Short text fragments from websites
********************

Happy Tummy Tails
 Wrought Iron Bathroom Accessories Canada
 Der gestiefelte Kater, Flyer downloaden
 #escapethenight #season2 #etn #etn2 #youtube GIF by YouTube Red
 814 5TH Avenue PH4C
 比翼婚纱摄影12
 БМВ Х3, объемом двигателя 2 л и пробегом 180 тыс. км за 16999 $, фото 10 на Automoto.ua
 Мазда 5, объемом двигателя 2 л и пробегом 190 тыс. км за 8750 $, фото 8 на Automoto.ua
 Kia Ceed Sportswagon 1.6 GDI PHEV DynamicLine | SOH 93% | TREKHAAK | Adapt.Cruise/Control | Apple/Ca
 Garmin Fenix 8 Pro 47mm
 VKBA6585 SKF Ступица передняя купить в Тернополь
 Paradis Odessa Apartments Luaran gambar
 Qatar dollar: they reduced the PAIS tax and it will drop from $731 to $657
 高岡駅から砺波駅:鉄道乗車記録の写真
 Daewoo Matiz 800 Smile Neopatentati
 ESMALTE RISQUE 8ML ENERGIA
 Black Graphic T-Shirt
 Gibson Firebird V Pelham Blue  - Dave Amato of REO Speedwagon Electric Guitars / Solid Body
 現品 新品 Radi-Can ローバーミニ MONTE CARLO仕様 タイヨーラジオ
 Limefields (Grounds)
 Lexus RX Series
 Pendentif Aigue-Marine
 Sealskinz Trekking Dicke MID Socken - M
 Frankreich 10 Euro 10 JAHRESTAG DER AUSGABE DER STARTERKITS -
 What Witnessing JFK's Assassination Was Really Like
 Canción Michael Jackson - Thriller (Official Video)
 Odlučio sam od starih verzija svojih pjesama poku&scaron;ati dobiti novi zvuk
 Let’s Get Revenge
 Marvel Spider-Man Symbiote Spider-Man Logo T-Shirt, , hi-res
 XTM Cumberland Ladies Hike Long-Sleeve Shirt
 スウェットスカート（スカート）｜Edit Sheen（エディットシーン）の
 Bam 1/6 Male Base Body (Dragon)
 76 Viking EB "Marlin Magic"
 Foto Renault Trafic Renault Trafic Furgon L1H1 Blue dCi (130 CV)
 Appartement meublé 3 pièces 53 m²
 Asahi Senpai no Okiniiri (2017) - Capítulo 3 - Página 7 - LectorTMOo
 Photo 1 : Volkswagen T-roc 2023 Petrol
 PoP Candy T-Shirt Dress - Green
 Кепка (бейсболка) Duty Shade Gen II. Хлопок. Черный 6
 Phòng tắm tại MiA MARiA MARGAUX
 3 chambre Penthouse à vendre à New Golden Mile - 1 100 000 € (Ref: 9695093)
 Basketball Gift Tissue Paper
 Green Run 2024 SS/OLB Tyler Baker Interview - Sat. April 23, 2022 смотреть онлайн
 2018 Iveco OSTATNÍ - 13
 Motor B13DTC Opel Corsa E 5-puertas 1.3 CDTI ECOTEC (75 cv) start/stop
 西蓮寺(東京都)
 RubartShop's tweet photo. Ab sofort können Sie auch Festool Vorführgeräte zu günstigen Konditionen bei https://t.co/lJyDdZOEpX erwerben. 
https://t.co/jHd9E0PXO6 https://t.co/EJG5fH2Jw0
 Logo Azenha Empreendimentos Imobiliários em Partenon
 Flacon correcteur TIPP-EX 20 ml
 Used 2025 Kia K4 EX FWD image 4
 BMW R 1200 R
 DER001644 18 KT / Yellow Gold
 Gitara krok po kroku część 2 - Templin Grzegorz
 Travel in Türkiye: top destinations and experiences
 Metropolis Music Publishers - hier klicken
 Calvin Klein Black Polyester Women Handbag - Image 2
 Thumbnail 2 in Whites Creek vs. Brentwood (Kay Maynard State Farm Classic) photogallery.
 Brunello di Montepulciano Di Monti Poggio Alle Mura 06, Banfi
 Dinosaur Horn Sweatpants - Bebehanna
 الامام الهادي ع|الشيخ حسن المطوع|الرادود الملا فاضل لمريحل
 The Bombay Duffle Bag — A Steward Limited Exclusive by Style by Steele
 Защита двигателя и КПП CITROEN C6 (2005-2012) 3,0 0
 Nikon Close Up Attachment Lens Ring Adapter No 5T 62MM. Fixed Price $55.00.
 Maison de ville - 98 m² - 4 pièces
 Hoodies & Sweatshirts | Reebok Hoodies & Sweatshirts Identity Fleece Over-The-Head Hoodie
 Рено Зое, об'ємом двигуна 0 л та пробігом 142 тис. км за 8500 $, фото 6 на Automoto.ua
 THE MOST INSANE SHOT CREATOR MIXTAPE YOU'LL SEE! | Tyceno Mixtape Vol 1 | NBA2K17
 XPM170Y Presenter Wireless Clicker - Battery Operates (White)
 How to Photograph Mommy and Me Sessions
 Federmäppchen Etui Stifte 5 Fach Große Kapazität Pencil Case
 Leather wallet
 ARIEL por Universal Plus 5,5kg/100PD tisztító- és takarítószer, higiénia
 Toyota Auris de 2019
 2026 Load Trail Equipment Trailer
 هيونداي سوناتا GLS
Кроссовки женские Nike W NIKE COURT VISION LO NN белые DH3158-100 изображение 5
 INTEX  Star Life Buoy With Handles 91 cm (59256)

********************

* TASK STATEMENT
Count the lines in the entries where the string "Blue" appears, and report only the number.

* RESULT FOR THIS EXERCISE
2